“Oh, no, it’s fine. I have to make phone calls, and I don’t want to disturb you.”
He slips his hand into his pocket and produces AirPods. “I have a great white noise app. My food game is weak, but if you can overlook that, you can work here and stay onsite in case you want to check on the crew or in case they have questions for you.”
That’s a pretty good reason. “You sure I won’t distract you?”
He gives me a half smile. “I can get my work done.”
“Then I accept.”
“Cool.” He’s still watching me with that half smile.
“So when do you go to your office?”
“Now.” He stands. “Holler if you need anything, although I only have granola and frozen burritos.”
I expect it to be hard to work with Jay in the room, but it’s not. Within a couple of minutes, he’s typing, the soft tap of keys fast enough to tell me he’s in a groove.
I settle into the sofa and send emails scheduling my top three candidates for the curator and archivist spots. When those are done, I have an email waiting from Professor Martinez in his capacity as the board secretary with a copy of the minutes from the meeting. That’s fast, but maybe it’s the kind of thing you can get to when you’re retired.
I skim through, looking for the summary of my back and forth with Catherine. The minutes say only, “The board expressed satisfaction with the director’s presentation and vision with the exception of one trustee. She cited reservations for discussion at the next meeting.”
Her “reservations” are an arbitrary bar for me to clear to reach a standard of behavior she’ll immediately raise again, but I don’t have a choice: I have to clear the bar every time.
When I’m in problem-solving mode, the hardest problems require a spreadsheet. Giving every piece of a problem its own cell on the sheet, breaking it down into smaller pieces in more boxes, makes big things feel manageable. The step-at-a-time, day-at-a-time theory.
I open a new one and label it “Catherine Thinks I’m Wrong for the Job.” I start with her objections. Column A, line one gets THINKS I’M UNPROFESSIONAL. Beneath it I list the evidence, stated and inferred. The second columnis her next objection. THINKS MY MUSEUM PLAN IS WRONG DIRECTION. In goes the evidence as I type “facts, no soul” beneath that.
I scoff. It has got to be the least true thing anyone has ever said about me.
From there, I keep working the problem, and after several minutes, I have five columns, some going at least eight lines deep. That’s bad. It represents a metric ton of disdain from a woman in a position to do something about it.
But … I lean back against the sofa and study the spreadsheet as an idea simmers.

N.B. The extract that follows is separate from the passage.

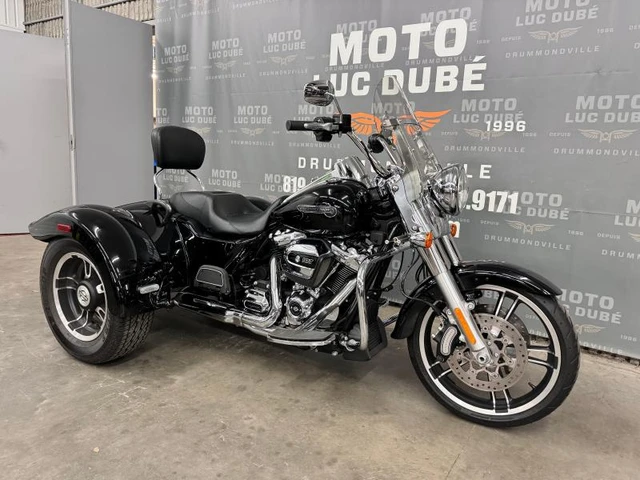 2018 Harley-Davidson, 19 384 km, dovoz Kanada — foto 2 z 5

I add a new tab, labeling it “Solutions.” Two of Catherine’s issues are tightly connected, and I copy them over, giving each its own column. NO SOUL and VITAL PART OF COMMUNITY.
Catherine says she loves Serendipity Springs. We all know Foster did. And she claims I don’t.
She’s right. This is my third week here. Ilikeit, but that’s not enough time to fall in love with a place when I’m working so much.
I start filling in the columns with ideas for falling in love with the city and ideas for finding out what would make the museum feel vital to its residents.
It doesn’t take long, maybe ten minutes, to dump every idea I have into those columns, and I know I’m onto something when I’m done. I may not ever be able to convince Catherine to believe my words, but I can leave her without any room to doubt my actions.
“Jay?” I call, turning toward him. “Do you have a printer here?”
He helps me connect to it, and a couple minutes later, I’m back on the sofa with a map of the city printed over four pages. I dig into my bag for a highlighter and go to work, dividing it into even squares.
“What are you doing?” Jay asks from over my shoulder. Ijump and squeak, not realizing he has leaned over the sofa to watch.
“Catherine is right that I approached this academically. That has its place, but it also has its limits. I’m putting myself in a crash course to become a Serendipity Springs fangirl, one grid square at a time.” I’m excited for the adventure. It’s going to be a lot of work, but I’m also pretty sure it will be fun.
Catherine acts like my enthusiasm makes me unprofessional, but in museum work, passion is essential. For the subject, whether it’s natural history or modern art. For the public, so you can try and fail and try again to find the best ways to interpret it for them.
“Coming here as an outsider has its pros and cons, but a big pro is that I have an objective perspective that allows me to notice and question things a local would take for granted. I’ve divided the city into a sixteen-square grid, and my goal is to spend a week on each section, getting to know it as well as I can.”
I shift so he can see it better. “I’ll drive or walk every street, pop into every store, sit in every park and people watch, patronize every library branch, peek into every church service, go to every city council meeting, and observe any other activity I can think of that gives me a sense of what makes the heart of Serendipity Springs beat.”
Jay hasn’t said anything, and I glance back at him. He’s staring at the map, and his expression is somewhere between serious and dazed. “You don’t think this is a good idea? You’re wrong. It is.”
He doesn’t answer. Instead, he walks into the kitchen and pulls a glass from a cabinet. He fills it with water before he drinks it over the sink, staring out of the window.